• [Collected material]
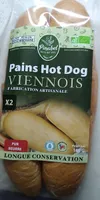 Pain hot dog viennois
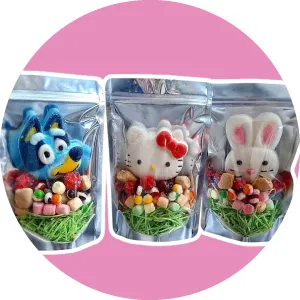 Freeze Dried Character Marshmallow Sticks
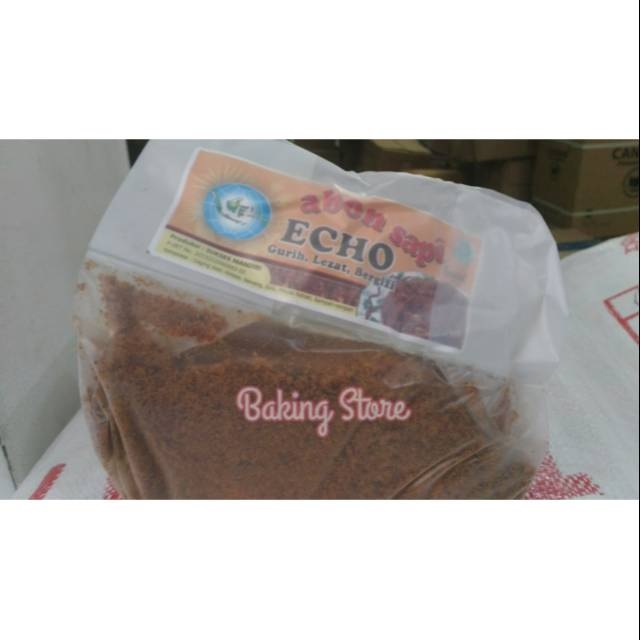 Abon Sapi Echo 1kg !!!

• [Exercise instructions] Without including any image, reproduce the full listing above as written.

• [Task output]
 Pain hot dog viennois
 Freeze Dried Character Marshmallow Sticks
 Abon Sapi Echo 1kg !!!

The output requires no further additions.